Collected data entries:
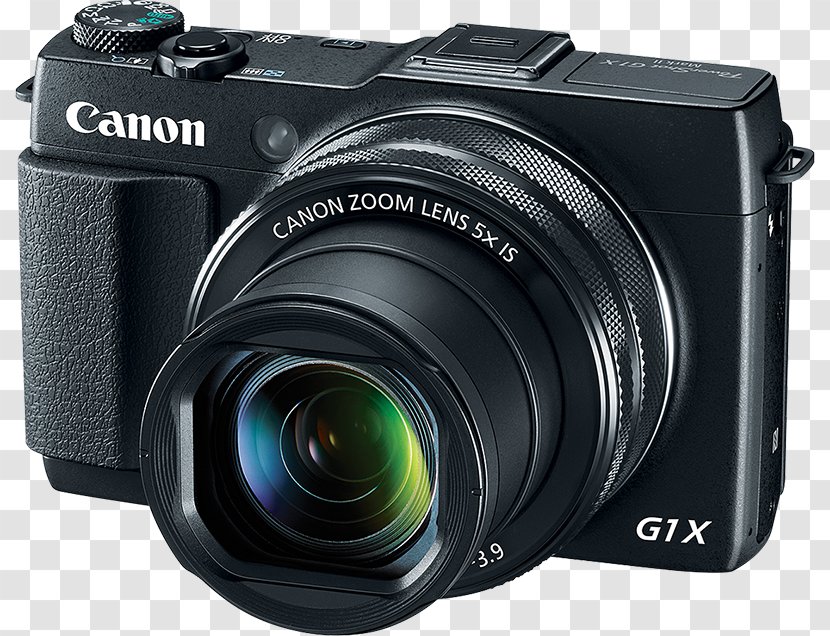 Canon PowerShot G1 X Mark III II 12.8 MP Compact Digital Camera - Powershot - 1080p EOS 5D IIIBody Transparent PNG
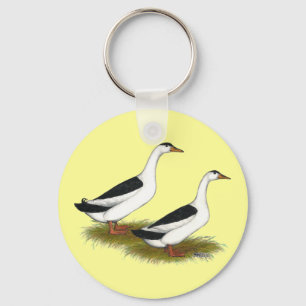 Porte-clés Canards : Magpies noires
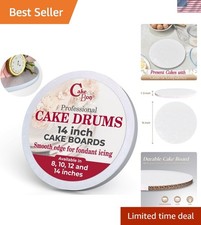 Round Cake Boards - Sturdy 1/2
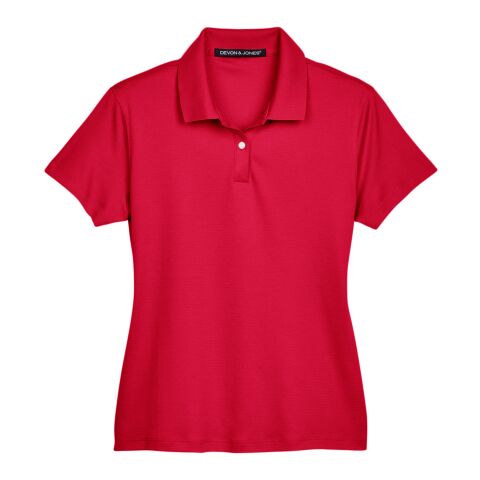 Ladies&#039; Pima-Tech™ Jet Piqué Polo Red | 2XL | No Imprint | not available | not available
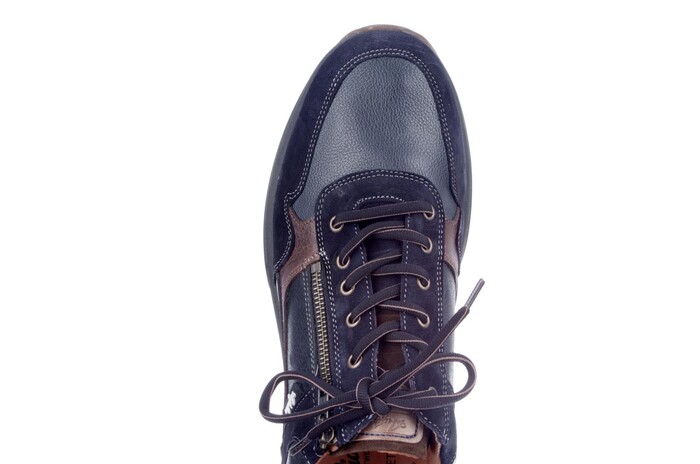 Australian blauw/cognac combi 15.1646.03 H Bild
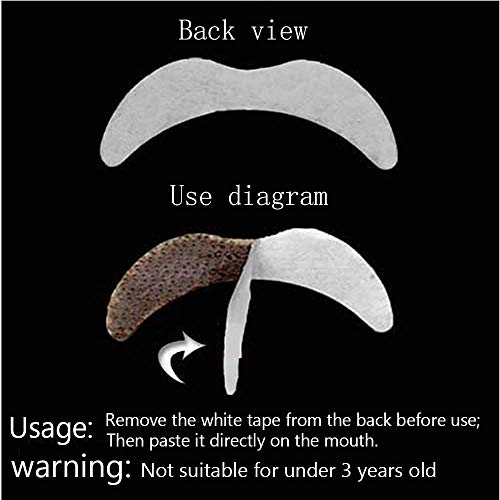 6 Mustaches+Mustache+Party+Masquerade+Performance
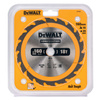 DeWALT DT1931 TARCZA DO DREWNA DO PILAREK RĘCZNYCH 160 x 20mm 18T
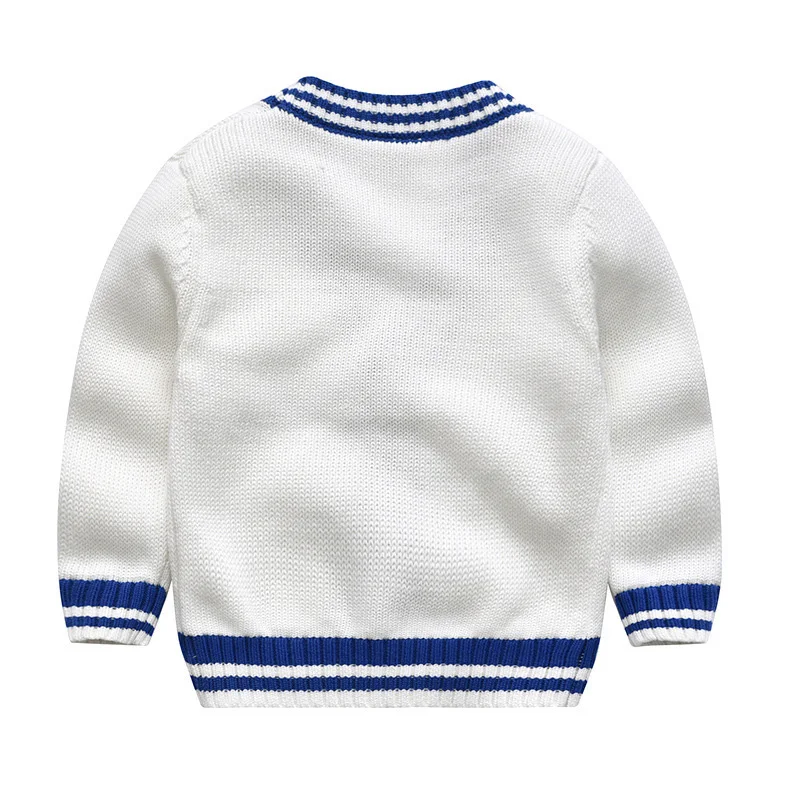 Весна-Осень; Детский кардиган; коллекция года; модные свитера для мальчиков; хлопковая однобортная трикотажная куртка для маленьких мальчиков; BC525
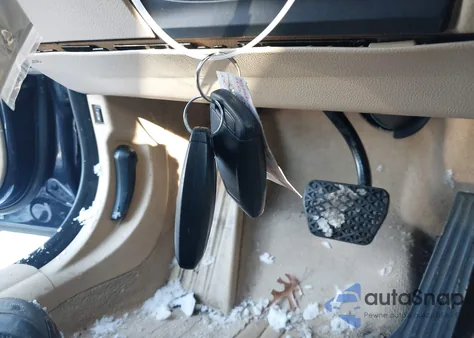 2012 BMW 528I xDrive из США, поврежденный, VIN WBAXH5C51CDW07689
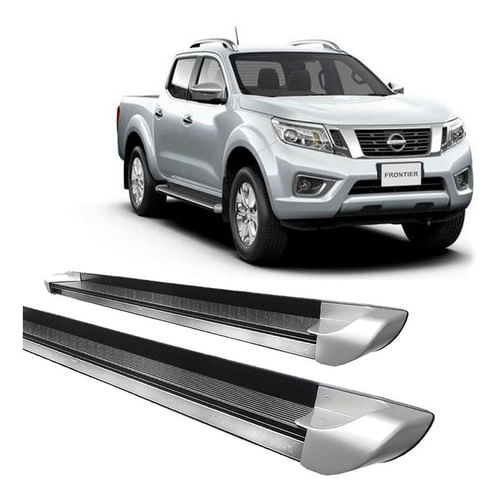 Estribo Frontier 2017 em Diante Personalizado Prata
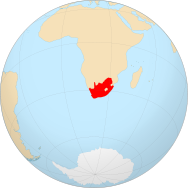 Outline of South Africa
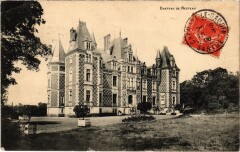 Chateau de Resteau -
													72 Sarthe
												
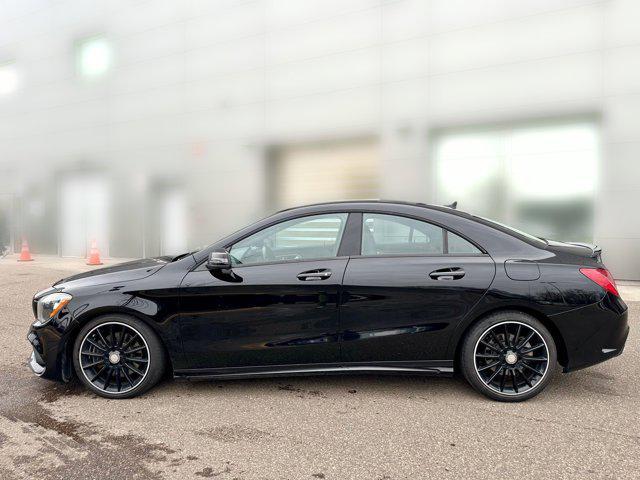 used 2017 Mercedes-Benz CLA 250 car, priced at $15,999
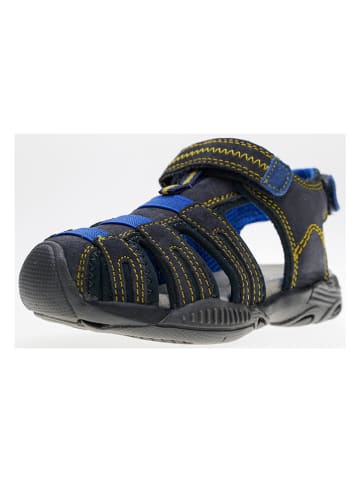 Ciao Leren enkelsandalen donkerblauw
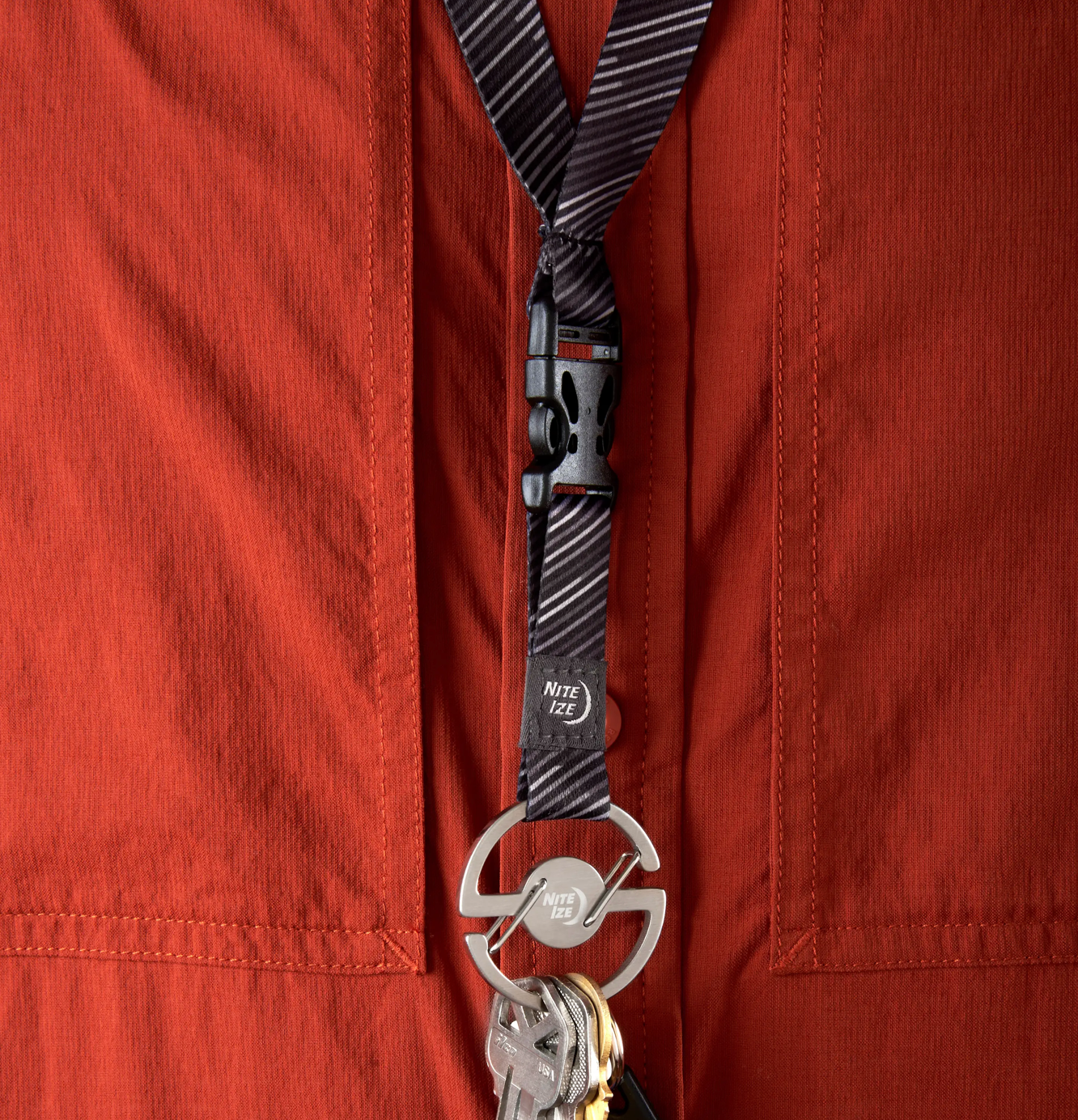 Nit Ize MEDALLION™ KEY LANYARD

*PROMPT*
Using the data above, give again exactly the lines starting at the one holding "Весна-Осень; Детский кардиган;" and ending at the one holding "Outline of South Africa", inclusive, and nothing more. Omit the pictures.

*RESULT BELOW*
 Весна-Осень; Детский кардиган; коллекция года; модные свитера для мальчиков; хлопковая однобортная трикотажная куртка для маленьких мальчиков; BC525
 2012 BMW 528I xDrive из США, поврежденный, VIN WBAXH5C51CDW07689
 Estribo Frontier 2017 em Diante Personalizado Prata
 Outline of South Africa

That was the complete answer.